__Available records__
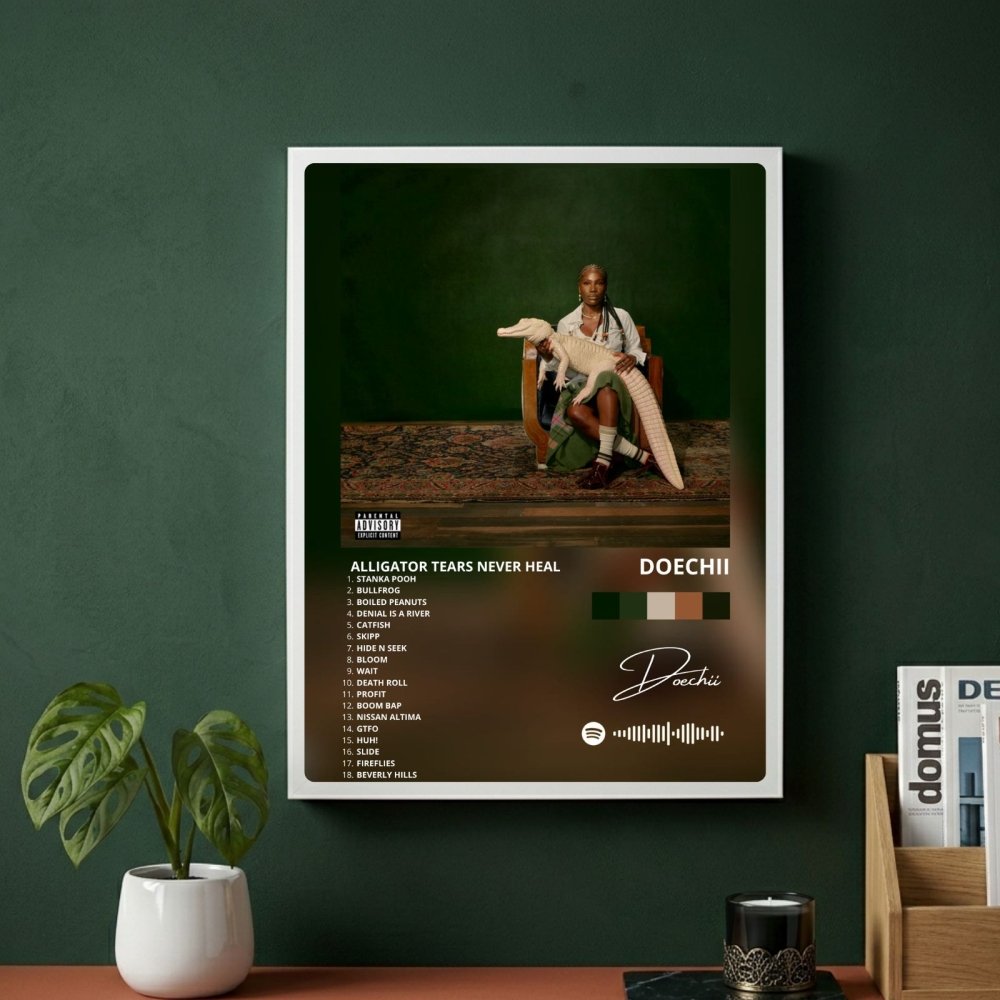 poster doechii alligator tears never heal - Vibes Districtposter doechii alligator tears never heal poster NeroVibes District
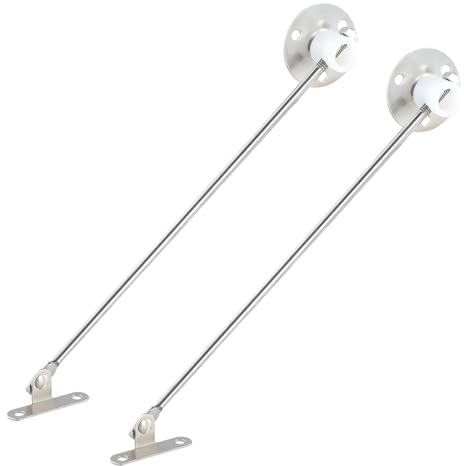 Lot de 2 Charnières Porte Placard, Support Charniere Meuble, Ferrures de Rabat, Charnières Porte Placard, Supports à Rabat, Charnières Porte Placard, pour Meubles, Charnière de Porte D'armoire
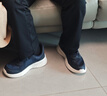 足力健老人鞋中老年春秋季软底散步送爸爸轻便休闲25111003J 蓝-男 42 实拍图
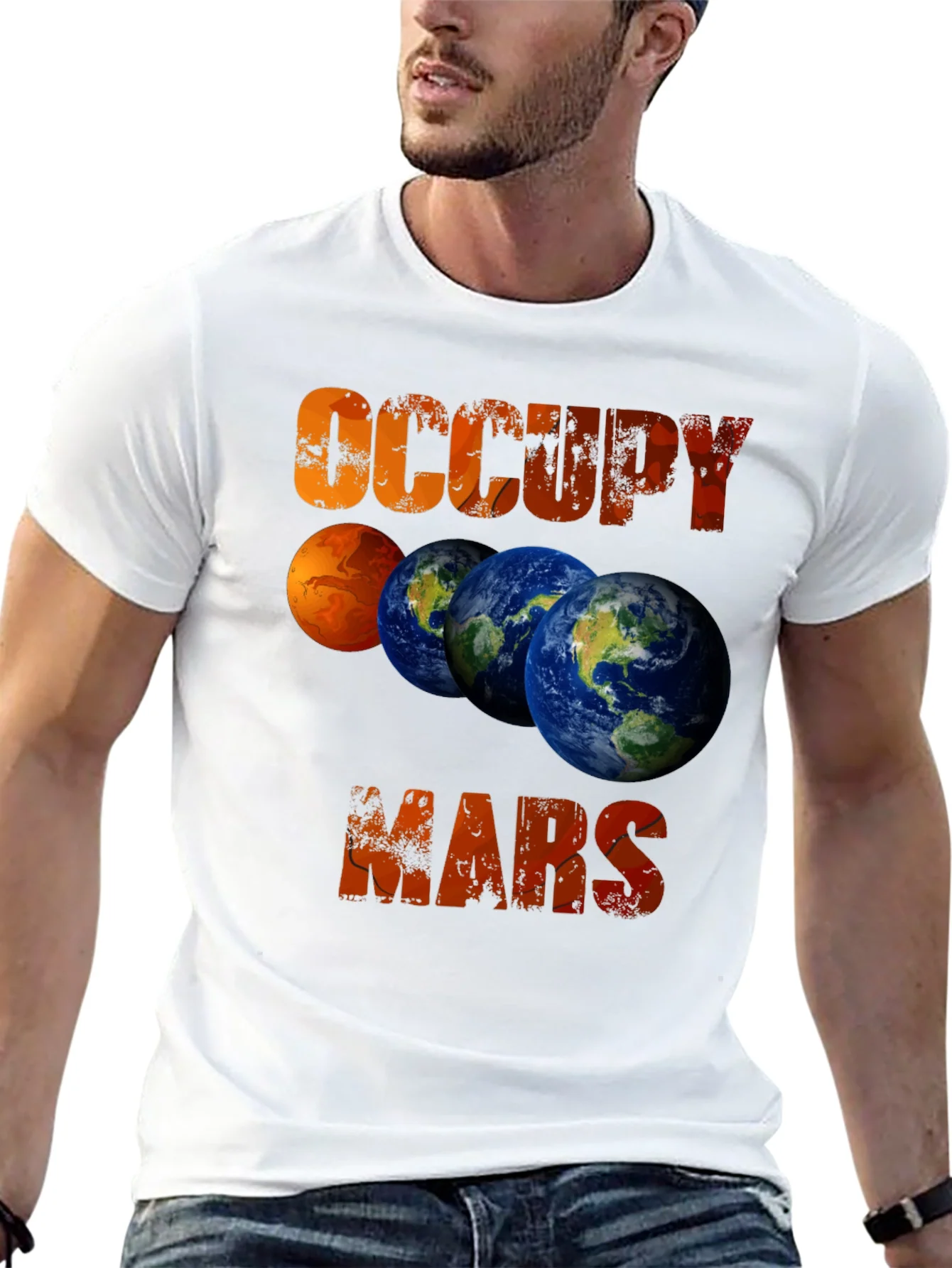 Occupy Mars T-Shirt - Planets & Space Design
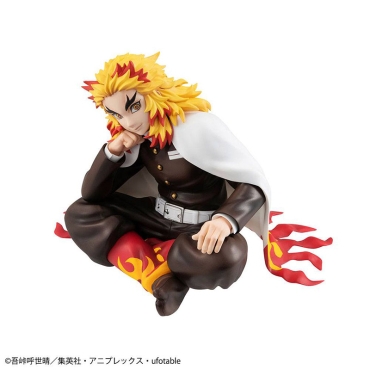 Demon Slayer Kimetsu no Yaiba G.E.M. PVC Statue - Rengoku Palm Size Edition Deluxe 9 cm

__Your instructions__
Only the lines from the top of the material above down to the line bearing "足力健老人鞋中老年春秋季软底散步送爸爸轻便休闲25111003J 蓝-男 42 实拍图", that line included, should be set down exactly; no pictures.

__The answer__
 poster doechii alligator tears never heal - Vibes Districtposter doechii alligator tears never heal poster NeroVibes District
 Lot de 2 Charnières Porte Placard, Support Charniere Meuble, Ferrures de Rabat, Charnières Porte Placard, Supports à Rabat, Charnières Porte Placard, pour Meubles, Charnière de Porte D'armoire
 足力健老人鞋中老年春秋季软底散步送爸爸轻便休闲25111003J 蓝-男 42 实拍图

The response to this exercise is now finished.